Your assignment:
Using the records below, write out only the lines from the line containing "Sitopia: How Food..." up to and including the line containing "Os cinco primeiros", exactly, with no pictures.

Records for processing:
========================================================================

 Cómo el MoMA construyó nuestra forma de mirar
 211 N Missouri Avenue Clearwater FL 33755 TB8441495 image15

========================================================================

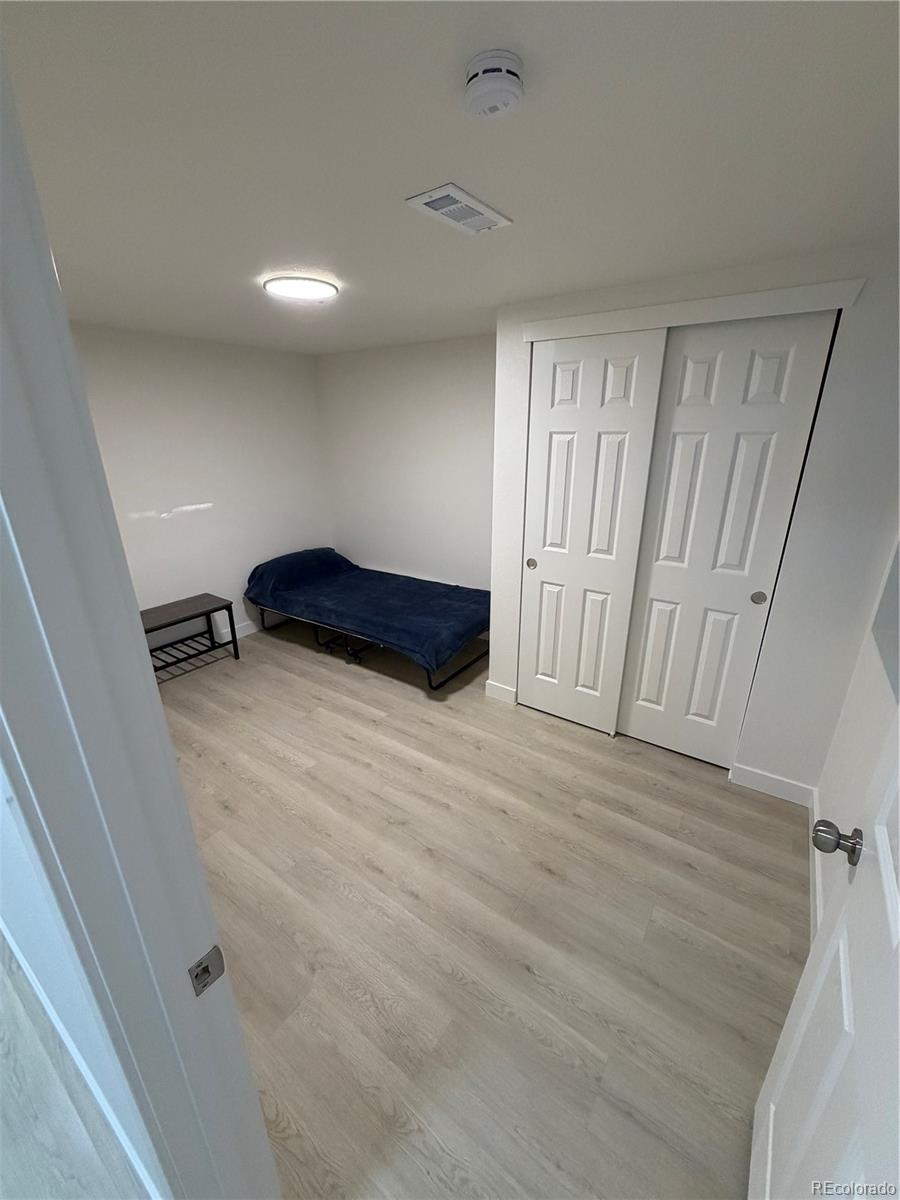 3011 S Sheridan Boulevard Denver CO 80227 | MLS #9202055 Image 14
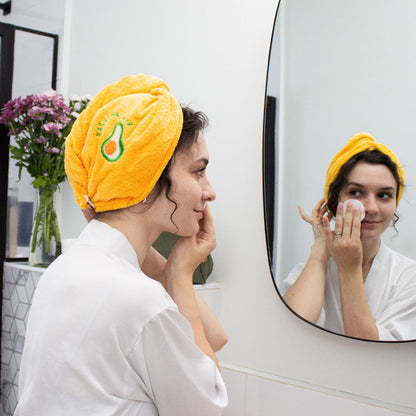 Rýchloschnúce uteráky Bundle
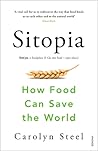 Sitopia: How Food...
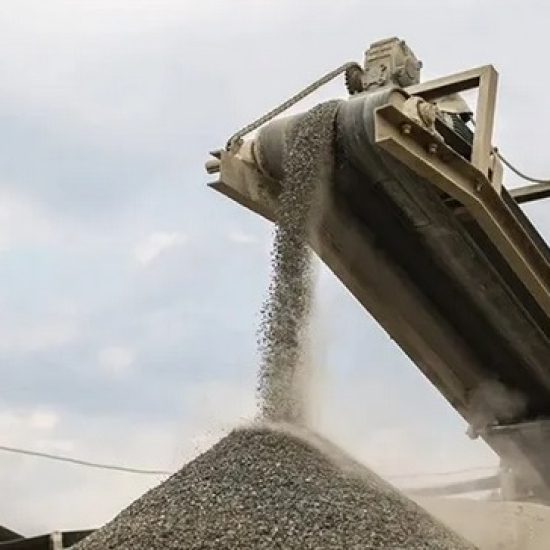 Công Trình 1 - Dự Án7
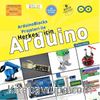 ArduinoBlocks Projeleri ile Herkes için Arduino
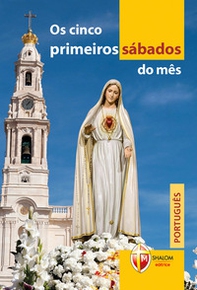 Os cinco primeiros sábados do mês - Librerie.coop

========================================================================

Solved exercise:
 Sitopia: How Food...
 Công Trình 1 - Dự Án7
 ArduinoBlocks Projeleri ile Herkes için Arduino
 Os cinco primeiros sábados do mês - Librerie.coop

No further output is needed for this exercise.